__Task item__
Every line of the data below should be written out word for word.

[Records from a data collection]

══════════

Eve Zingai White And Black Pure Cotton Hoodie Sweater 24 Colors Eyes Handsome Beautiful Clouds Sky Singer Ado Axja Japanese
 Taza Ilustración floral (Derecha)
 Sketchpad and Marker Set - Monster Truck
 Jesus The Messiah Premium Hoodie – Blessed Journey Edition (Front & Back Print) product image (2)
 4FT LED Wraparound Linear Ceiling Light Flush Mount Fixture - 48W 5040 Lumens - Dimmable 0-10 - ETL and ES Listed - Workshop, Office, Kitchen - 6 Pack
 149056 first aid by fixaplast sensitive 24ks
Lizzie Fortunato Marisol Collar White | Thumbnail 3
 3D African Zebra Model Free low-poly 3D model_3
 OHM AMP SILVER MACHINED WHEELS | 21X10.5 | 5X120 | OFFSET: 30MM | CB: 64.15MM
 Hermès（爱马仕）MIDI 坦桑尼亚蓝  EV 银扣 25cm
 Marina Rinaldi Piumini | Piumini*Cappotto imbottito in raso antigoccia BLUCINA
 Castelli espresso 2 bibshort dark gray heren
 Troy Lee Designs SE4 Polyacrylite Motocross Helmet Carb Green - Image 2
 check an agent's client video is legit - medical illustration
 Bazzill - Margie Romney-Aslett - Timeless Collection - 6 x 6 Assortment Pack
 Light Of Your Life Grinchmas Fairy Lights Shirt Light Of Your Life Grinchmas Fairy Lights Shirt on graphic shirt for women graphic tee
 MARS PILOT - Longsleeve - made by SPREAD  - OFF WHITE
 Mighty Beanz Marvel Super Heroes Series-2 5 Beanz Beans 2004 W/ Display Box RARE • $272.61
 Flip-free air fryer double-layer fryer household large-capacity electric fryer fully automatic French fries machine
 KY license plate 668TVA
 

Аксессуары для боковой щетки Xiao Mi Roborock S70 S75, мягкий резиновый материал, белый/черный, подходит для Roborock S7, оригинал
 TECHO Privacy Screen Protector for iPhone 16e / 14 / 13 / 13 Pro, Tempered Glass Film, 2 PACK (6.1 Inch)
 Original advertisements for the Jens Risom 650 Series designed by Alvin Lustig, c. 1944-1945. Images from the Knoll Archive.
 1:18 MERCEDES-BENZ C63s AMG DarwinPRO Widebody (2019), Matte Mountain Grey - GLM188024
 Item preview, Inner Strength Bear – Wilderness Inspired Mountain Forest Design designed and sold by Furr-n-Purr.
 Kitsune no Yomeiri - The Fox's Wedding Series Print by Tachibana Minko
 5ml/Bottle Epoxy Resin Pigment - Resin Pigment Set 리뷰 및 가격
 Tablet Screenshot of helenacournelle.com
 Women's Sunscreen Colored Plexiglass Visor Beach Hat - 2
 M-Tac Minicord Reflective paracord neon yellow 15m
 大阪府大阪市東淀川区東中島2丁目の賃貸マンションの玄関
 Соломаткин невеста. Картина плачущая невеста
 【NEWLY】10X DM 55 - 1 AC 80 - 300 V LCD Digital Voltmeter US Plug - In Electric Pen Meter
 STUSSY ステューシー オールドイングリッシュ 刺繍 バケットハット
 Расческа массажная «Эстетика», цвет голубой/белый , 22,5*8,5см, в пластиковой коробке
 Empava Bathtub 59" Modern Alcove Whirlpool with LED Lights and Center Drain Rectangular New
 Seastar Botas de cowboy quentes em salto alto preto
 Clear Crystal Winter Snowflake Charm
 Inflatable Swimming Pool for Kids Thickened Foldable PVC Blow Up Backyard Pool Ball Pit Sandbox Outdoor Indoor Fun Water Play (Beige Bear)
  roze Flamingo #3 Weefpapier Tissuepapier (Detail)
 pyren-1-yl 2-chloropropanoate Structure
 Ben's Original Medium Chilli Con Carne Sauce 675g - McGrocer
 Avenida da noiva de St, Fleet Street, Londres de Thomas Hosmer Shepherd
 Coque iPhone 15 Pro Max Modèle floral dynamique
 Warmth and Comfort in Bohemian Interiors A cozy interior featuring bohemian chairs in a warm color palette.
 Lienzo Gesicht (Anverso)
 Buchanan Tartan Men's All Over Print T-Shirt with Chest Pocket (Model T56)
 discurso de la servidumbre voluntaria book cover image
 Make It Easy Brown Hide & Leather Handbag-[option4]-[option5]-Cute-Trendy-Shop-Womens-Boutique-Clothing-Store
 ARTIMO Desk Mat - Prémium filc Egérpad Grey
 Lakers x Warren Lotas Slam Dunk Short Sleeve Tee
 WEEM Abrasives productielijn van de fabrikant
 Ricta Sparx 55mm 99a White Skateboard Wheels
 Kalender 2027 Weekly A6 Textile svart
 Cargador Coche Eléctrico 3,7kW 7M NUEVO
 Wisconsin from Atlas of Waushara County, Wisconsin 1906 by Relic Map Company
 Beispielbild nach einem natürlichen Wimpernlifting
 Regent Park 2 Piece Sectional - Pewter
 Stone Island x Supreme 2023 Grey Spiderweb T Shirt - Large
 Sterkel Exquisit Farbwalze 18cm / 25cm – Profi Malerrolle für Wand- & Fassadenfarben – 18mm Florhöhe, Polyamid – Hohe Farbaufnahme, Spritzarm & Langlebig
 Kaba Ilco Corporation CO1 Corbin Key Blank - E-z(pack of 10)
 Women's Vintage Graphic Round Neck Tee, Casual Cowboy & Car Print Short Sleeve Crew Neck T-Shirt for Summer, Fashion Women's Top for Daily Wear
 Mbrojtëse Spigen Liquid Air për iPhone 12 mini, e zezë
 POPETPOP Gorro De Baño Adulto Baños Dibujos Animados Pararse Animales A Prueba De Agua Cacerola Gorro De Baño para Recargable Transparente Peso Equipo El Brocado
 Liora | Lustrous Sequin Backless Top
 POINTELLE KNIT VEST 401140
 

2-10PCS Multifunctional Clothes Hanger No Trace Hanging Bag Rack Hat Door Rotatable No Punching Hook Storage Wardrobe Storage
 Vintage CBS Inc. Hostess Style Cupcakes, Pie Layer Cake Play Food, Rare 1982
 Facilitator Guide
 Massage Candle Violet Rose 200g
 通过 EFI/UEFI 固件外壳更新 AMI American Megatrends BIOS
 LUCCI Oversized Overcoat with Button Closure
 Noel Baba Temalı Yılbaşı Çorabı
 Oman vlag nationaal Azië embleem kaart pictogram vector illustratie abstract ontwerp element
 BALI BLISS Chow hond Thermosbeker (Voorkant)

══════════

__Solved exercise__
Eve Zingai White And Black Pure Cotton Hoodie Sweater 24 Colors Eyes Handsome Beautiful Clouds Sky Singer Ado Axja Japanese
 Taza Ilustración floral (Derecha)
 Sketchpad and Marker Set - Monster Truck
 Jesus The Messiah Premium Hoodie – Blessed Journey Edition (Front & Back Print) product image (2)
 4FT LED Wraparound Linear Ceiling Light Flush Mount Fixture - 48W 5040 Lumens - Dimmable 0-10 - ETL and ES Listed - Workshop, Office, Kitchen - 6 Pack
 149056 first aid by fixaplast sensitive 24ks
Lizzie Fortunato Marisol Collar White | Thumbnail 3
 3D African Zebra Model Free low-poly 3D model_3
 OHM AMP SILVER MACHINED WHEELS | 21X10.5 | 5X120 | OFFSET: 30MM | CB: 64.15MM
 Hermès（爱马仕）MIDI 坦桑尼亚蓝  EV 银扣 25cm
 Marina Rinaldi Piumini | Piumini*Cappotto imbottito in raso antigoccia BLUCINA
 Castelli espresso 2 bibshort dark gray heren
 Troy Lee Designs SE4 Polyacrylite Motocross Helmet Carb Green - Image 2
 check an agent's client video is legit - medical illustration
 Bazzill - Margie Romney-Aslett - Timeless Collection - 6 x 6 Assortment Pack
 Light Of Your Life Grinchmas Fairy Lights Shirt Light Of Your Life Grinchmas Fairy Lights Shirt on graphic shirt for women graphic tee
 MARS PILOT - Longsleeve - made by SPREAD  - OFF WHITE
 Mighty Beanz Marvel Super Heroes Series-2 5 Beanz Beans 2004 W/ Display Box RARE • $272.61
 Flip-free air fryer double-layer fryer household large-capacity electric fryer fully automatic French fries machine
 KY license plate 668TVA
 

Аксессуары для боковой щетки Xiao Mi Roborock S70 S75, мягкий резиновый материал, белый/черный, подходит для Roborock S7, оригинал
 TECHO Privacy Screen Protector for iPhone 16e / 14 / 13 / 13 Pro, Tempered Glass Film, 2 PACK (6.1 Inch)
 Original advertisements for the Jens Risom 650 Series designed by Alvin Lustig, c. 1944-1945. Images from the Knoll Archive.
 1:18 MERCEDES-BENZ C63s AMG DarwinPRO Widebody (2019), Matte Mountain Grey - GLM188024
 Item preview, Inner Strength Bear – Wilderness Inspired Mountain Forest Design designed and sold by Furr-n-Purr.
 Kitsune no Yomeiri - The Fox's Wedding Series Print by Tachibana Minko
 5ml/Bottle Epoxy Resin Pigment - Resin Pigment Set 리뷰 및 가격
 Tablet Screenshot of helenacournelle.com
 Women's Sunscreen Colored Plexiglass Visor Beach Hat - 2
 M-Tac Minicord Reflective paracord neon yellow 15m
 大阪府大阪市東淀川区東中島2丁目の賃貸マンションの玄関
 Соломаткин невеста. Картина плачущая невеста
 【NEWLY】10X DM 55 - 1 AC 80 - 300 V LCD Digital Voltmeter US Plug - In Electric Pen Meter
 STUSSY ステューシー オールドイングリッシュ 刺繍 バケットハット
 Расческа массажная «Эстетика», цвет голубой/белый , 22,5*8,5см, в пластиковой коробке
 Empava Bathtub 59" Modern Alcove Whirlpool with LED Lights and Center Drain Rectangular New
 Seastar Botas de cowboy quentes em salto alto preto
 Clear Crystal Winter Snowflake Charm
 Inflatable Swimming Pool for Kids Thickened Foldable PVC Blow Up Backyard Pool Ball Pit Sandbox Outdoor Indoor Fun Water Play (Beige Bear)
  roze Flamingo #3 Weefpapier Tissuepapier (Detail)
 pyren-1-yl 2-chloropropanoate Structure
 Ben's Original Medium Chilli Con Carne Sauce 675g - McGrocer
 Avenida da noiva de St, Fleet Street, Londres de Thomas Hosmer Shepherd
 Coque iPhone 15 Pro Max Modèle floral dynamique
 Warmth and Comfort in Bohemian Interiors A cozy interior featuring bohemian chairs in a warm color palette.
 Lienzo Gesicht (Anverso)
 Buchanan Tartan Men's All Over Print T-Shirt with Chest Pocket (Model T56)
 discurso de la servidumbre voluntaria book cover image
 Make It Easy Brown Hide & Leather Handbag-[option4]-[option5]-Cute-Trendy-Shop-Womens-Boutique-Clothing-Store
 ARTIMO Desk Mat - Prémium filc Egérpad Grey
 Lakers x Warren Lotas Slam Dunk Short Sleeve Tee
 WEEM Abrasives productielijn van de fabrikant
 Ricta Sparx 55mm 99a White Skateboard Wheels
 Kalender 2027 Weekly A6 Textile svart
 Cargador Coche Eléctrico 3,7kW 7M NUEVO
 Wisconsin from Atlas of Waushara County, Wisconsin 1906 by Relic Map Company
 Beispielbild nach einem natürlichen Wimpernlifting
 Regent Park 2 Piece Sectional - Pewter
 Stone Island x Supreme 2023 Grey Spiderweb T Shirt - Large
 Sterkel Exquisit Farbwalze 18cm / 25cm – Profi Malerrolle für Wand- & Fassadenfarben – 18mm Florhöhe, Polyamid – Hohe Farbaufnahme, Spritzarm & Langlebig
 Kaba Ilco Corporation CO1 Corbin Key Blank - E-z(pack of 10)
 Women's Vintage Graphic Round Neck Tee, Casual Cowboy & Car Print Short Sleeve Crew Neck T-Shirt for Summer, Fashion Women's Top for Daily Wear
 Mbrojtëse Spigen Liquid Air për iPhone 12 mini, e zezë
 POPETPOP Gorro De Baño Adulto Baños Dibujos Animados Pararse Animales A Prueba De Agua Cacerola Gorro De Baño para Recargable Transparente Peso Equipo El Brocado
 Liora | Lustrous Sequin Backless Top
 POINTELLE KNIT VEST 401140
 

2-10PCS Multifunctional Clothes Hanger No Trace Hanging Bag Rack Hat Door Rotatable No Punching Hook Storage Wardrobe Storage
 Vintage CBS Inc. Hostess Style Cupcakes, Pie Layer Cake Play Food, Rare 1982
 Facilitator Guide
 Massage Candle Violet Rose 200g
 通过 EFI/UEFI 固件外壳更新 AMI American Megatrends BIOS
 LUCCI Oversized Overcoat with Button Closure
 Noel Baba Temalı Yılbaşı Çorabı
 Oman vlag nationaal Azië embleem kaart pictogram vector illustratie abstract ontwerp element
 BALI BLISS Chow hond Thermosbeker (Voorkant)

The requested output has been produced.